The day started with a fun networking activity, and was followed by a basic primer on the current state of affairs in the US, where women comprise 20% of the Senate and 17.8% of the House of Representatives.
Women are also underrepresented in pipeline organizations like boards of organizations and at the lower levels of government as well, though it is a little better at the state level, where women hold 24% of the seats.
Most of the energy that has been focused on closing this gender gap has been on candidate recruitment, but that approach ignores several important parts of the cycle, including pipeline development, ballot access and qualification (who is chosen to run for which offices) and socio-economic factors that prevent women from running for office.
There is also little support for the women candidates who do win, so they often feel isolated and are still excluded from much of the decision-making.

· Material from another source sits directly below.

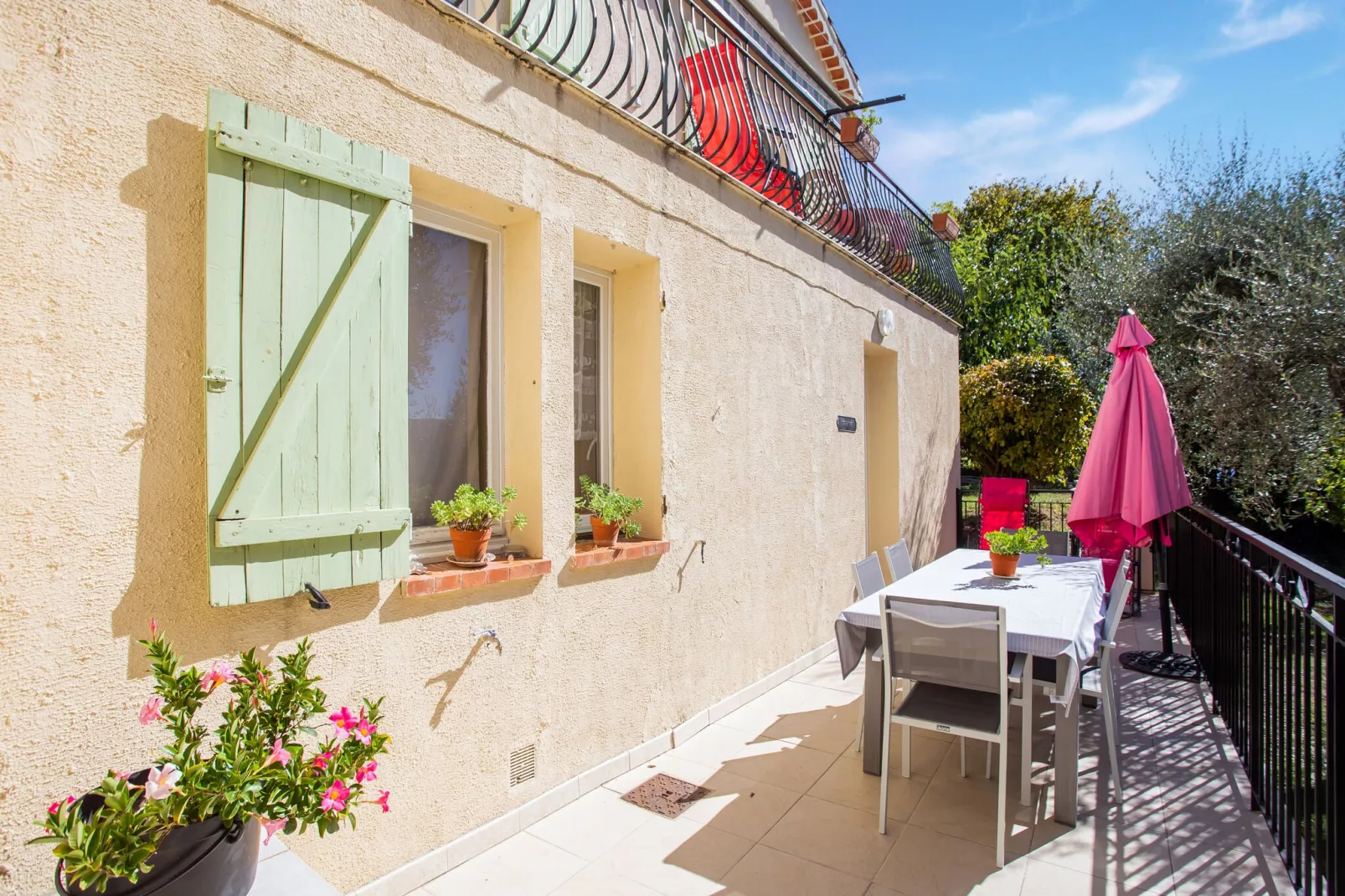 Berre les Alpes-Terrace balcony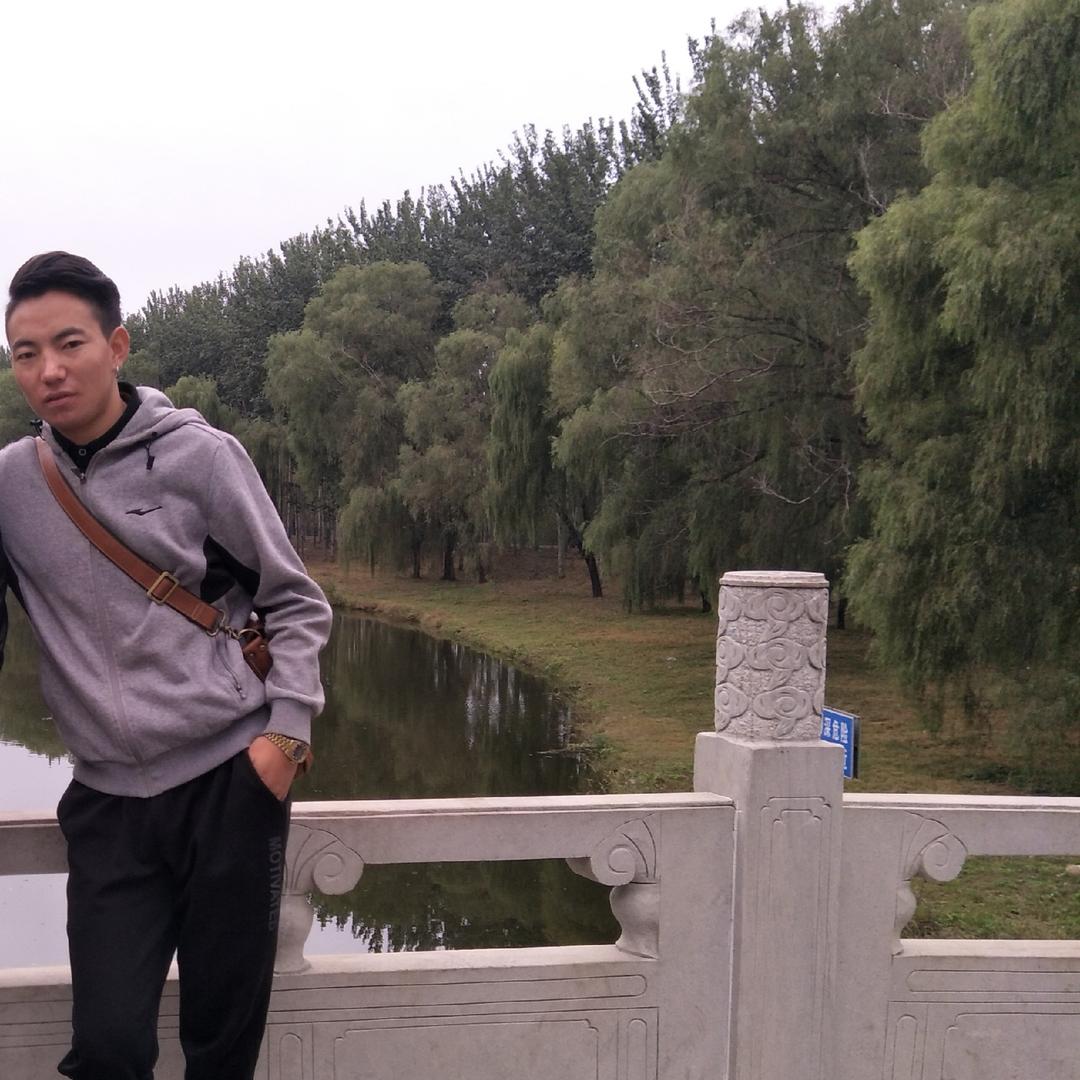 藏族曲丁（在重庆）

In places where there is greater parity among women and men in elected office, there has typically been dramatic structural change that required greater inclusion of women, such as reserved seats for women. The US has often championed this kind of structural change to ensure the inclusion of women in places where we have intervened, such as Iraq and Afghanistan, but it has not been used here in the US.
The group also discussed what we mean when we talk about parity. There was broad consensus that our elected officials should not only include more women, but should also reflect the communities they represent, such as gay and lesbian communities, different socio-economic classes and communities of color.
Erin Vilardi of Women’s Leadership Works led a discussion about why it is so critical for women to run for office. More women running for office inspires women to become leaders in all sectors, not just politics. Women have different legislative priorities, with female elected offcials more likely to focus on women, children and families — regardless of political party.
Female elected officials also have a different approach to politics, opening the legislative agenda, gathering more information from a wider variety of sources, sponsoring more bills, and trying to achieve a larger policy impact, Erin said.
The group got training from Joel Silberman and Christine Pelosi on presence and charisma, as well as the keys to a winning campaign, which was followed by a small group exercise focused on honing our messages when we talk about women and parity.
The groups discussed what it would look like — at both the personal and structural levels — for women to be more represented in politics and government. For example, they looked at what would convince someone personally to run, as well as what needs to change in our society to make it possible for many more women to be able to run.
The group will continue to be connected as the Women United For project continues its research and shares its findings.